From 8b34ae2c2ac7af0647c8aa5c0ad135f0eae42cdc Mon Sep 17 00:00:00 2001
From: Michael Stapelberg <michael@stapelberg.de>
Date: Sun, 10 Oct 2010 22:30:46 +0200
Subject: [PATCH] Bugfix: fix regexp for detecting filename in Content-Disposition header

In a message written in some Microsoft mail program (the only header is
"X-MimeOLE: Produced By Microsoft Exchange V6.5"), the filename part of
the Content-Disposition header spans multiple lines (due to the filename
being very long and encoded in base64 due to the use of UTF-8):

Content-Disposition: attachment;
        filename="=?utf-8?B?VGFnIGRlciBPZmZlbmVuIFTDvHIgZGVzIFByb2pla3Rl?=
        =?utf-8?B?cyBMZXJucGF0ZW5zY2hhZnRlbiBpbSBFbW1lcnRzZ3I=?=
        =?utf-8?B?dW5kLmRvY3g=?="

The previous regexp did not properly match the whole string, but only the
first line. This is fixed by adding the 'm' option (to match newlines as
characters) and using \z instead of $ ("end of string" instead of "end of
line").

The same fix is also applied to the Content-Type header one line below.
---
 lib/sup/message.rb |    8 +++++---
 1 files changed, 5 insertions(+), 3 deletions(-)

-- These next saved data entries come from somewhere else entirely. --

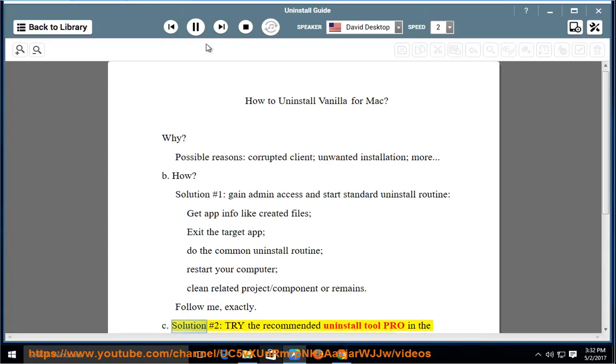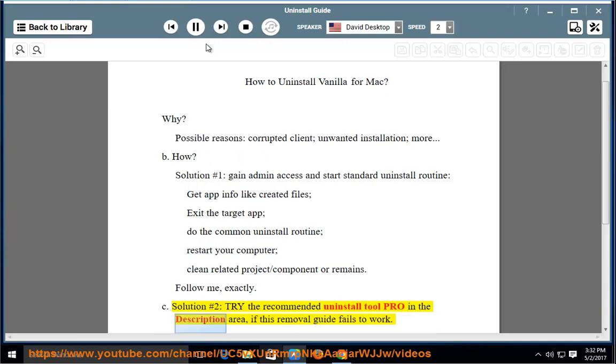Solution number 2: try the recommended uninstall tool pro in the description area, if this removal guide fails to work.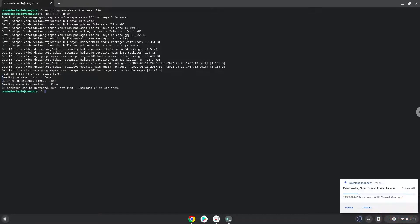Now we need to install Wine. Wine is an application that allows us to install some Windows applications in Linux.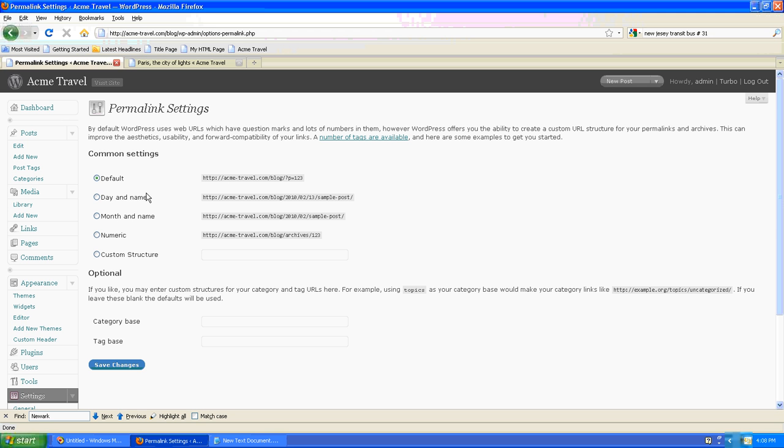We may want to use a different format such as Day and Time, so I'll select the Day and Time radio button. Click Save Changes.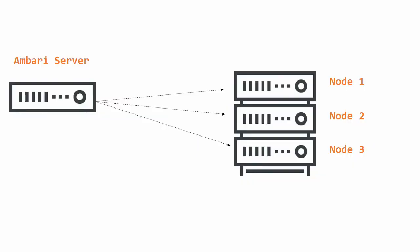No problem if you haven't set it up before, we're actually going to walk through that in a demo here. But first let's just look at it from an architectural perspective.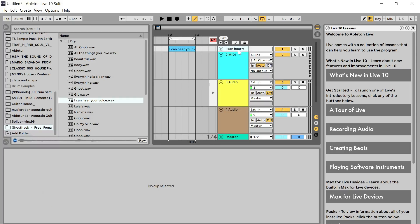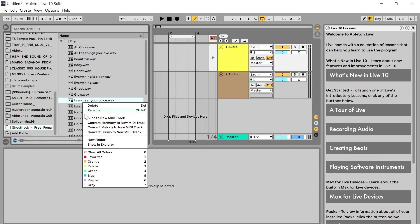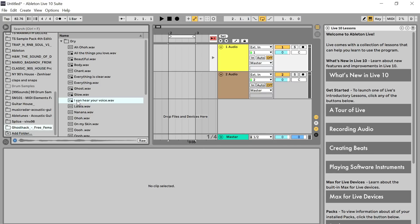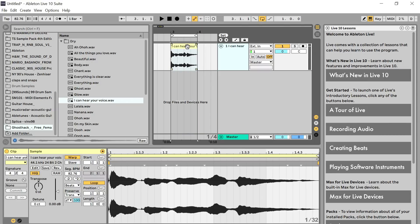I'm going to start from scratch so you can actually see what I'm doing. I'm just going to drag the sample up here into the session and loop it, and delete these extra tracks to keep things clean. With a sample like this that you want to chop up, you want to chop it nice and clean so you can replay it back.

diff --git a/lib/sup/message.rb b/lib/sup/message.rb
index 69669bd..cf0e505 100644
--- a/lib/sup/message.rb
+++ b/lib/sup/message.rb
@@ -475,10 +475,12 @@ private
       end
     else
       filename =
-        ## first, paw through the headers looking for a filename
-        if m.header["Content-Disposition"] && m.header["Content-Disposition"] =~ /filename="?(.*?[^\\])("|;|$)/
+        ## first, paw through the headers looking for a filename.
+        ## RFC 2183 (Content-Disposition) specifies that disposition-parms are
+        ## separated by ";". So, we match everything up to " and ; (if present).
+        if m.header["Content-Disposition"] && m.header["Content-Disposition"] =~ /filename="?(.*?[^\\])("|;|\z)/m
           $1
-        elsif m.header["Content-Type"] && m.header["Content-Type"] =~ /name="?(.*?[^\\])("|;|$)/i
+        elsif m.header["Content-Type"] && m.header["Content-Type"] =~ /name="?(.*?[^\\])("|;|\z)/im
           $1
 
         ## haven't found one, but it's a non-text message. fake
-- 
1.7.1